ポータルアクスルは戦時中にドイツ軍が小型軍事車両の『キューベル ワーゲン』に採用していたので、技術的にも蓄積があったのだろう。柔軟性のあるフレームと合わせ、さまざまな悪路や障害物を乗り越えるうえで設計上の大きなポイントとなっている。
トランスミッションは、セミオートマチック化されたマニュアル24段(前進8×3段、後進6×3段)を足によって操作するが、かつてはディファレンシャルロックを切り替えるレバーを含めた3本のシフトレバーを持っていた。
驚くべきことに、ローギアよりさらに低いギア比のスーパーローによって崖に近い急斜面も上ることができるという。航空部隊の傭兵を描き、1980年代に人気となった新谷かおるの名作漫画『エリア88』では、主人公たちが『ウニモグ』で逃走するシーンが出てくるが、そこでもスーパーローを駆使している。
消防車、除雪車、鉄道保守用軌陸車、災害救援車…多彩な派生バリエーション
極めつきは左右に移動可能なハンドルだ。悪路や傾斜の多い状況では、どうしてもハンドル位置による可動制限が多くなる。しかし『ウニモグ』は、エンジン停止後にレバー操作ひとつでハンドルを左から右へ、右から左へと変えることができるのである。
これは輸出するときに認定上の障壁になることもあるが、危険が伴う作業現場では福音となる画期的な機能といえるだろう。

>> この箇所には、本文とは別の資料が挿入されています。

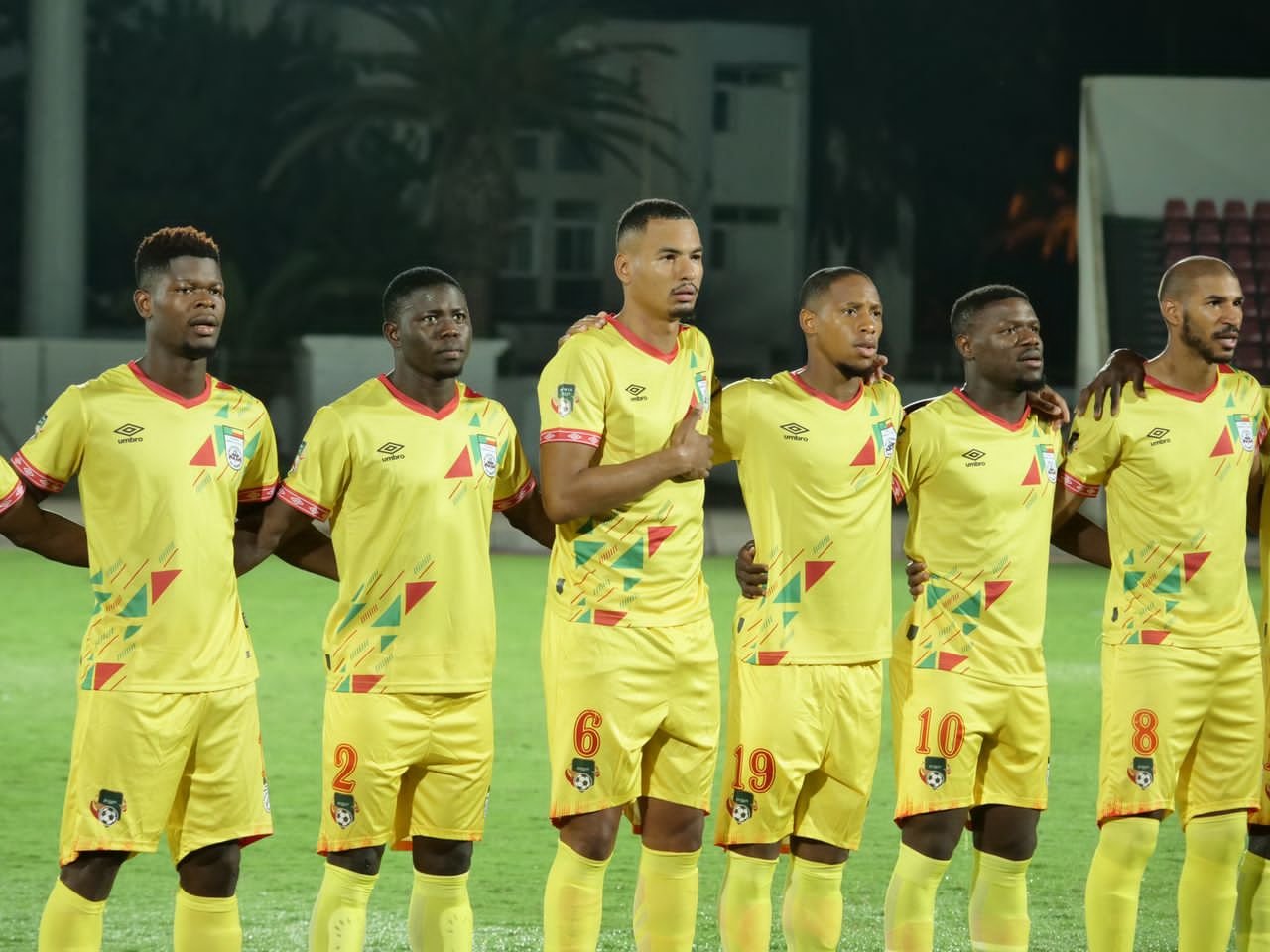 La communauté béninoise vivant au Maroc apporte du soutien à Stéphane Sessegnon et ses coéquipiers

『ウニモグ』の生産台数は1960年代に10万台を超え、ボディサイズ、エンジン、出力の異なるさまざまなバリエーションが生まれた。なかでも、1974年に登場した最高出力120hpの「425シリーズ」は、直線的でありながらメルセデスらしい洗練された印象と、軍事車両的な無骨さを併せ持ったデザインとして注目を集め、現在にいたるまで『ウニモグ』の "顔" というべき存在だ。
派生モデルは枚挙に暇がない。一例を挙げると、消防車、除雪車、建設機械、鉄道の保守用軌陸車、災害救援車、極地仕様車、ミキサー車、さらにキャンパー、ラリー仕様車…といった具合だ。軍事車両として採用する国は世界30カ国以上に上る。
東日本大震災後に被災地用の復興支援車として寄贈された4台の『ウニモグ』
日本人にとって忘れられない出来事となったのが、2011年3月の東日本大震災後にダイムラーがトラックタイプの『ウニモグ U4000』と『ウニモグ U5000』を2台ずつ、被災地の復興支援車として寄贈してくれたことだ。
『ウニモグ』は特殊な車両のため、通常なら上陸の手続きは困難を極める。しかし、日独両政府の連携によって短期間でのナンバー取得が可能となり、さらにダイムラーは、メンテナンスを含むアフターサービスや運転するドライバーのトレーニングにも協力を惜しまなかった。
豪雨災害のよう大災害を目の当たりにすると、東日本大震災当時のことを思い出さずにはいられない。『ウニモグ』は、困っている人々を救ってくれる正義の多目的作業車でもあるのだ。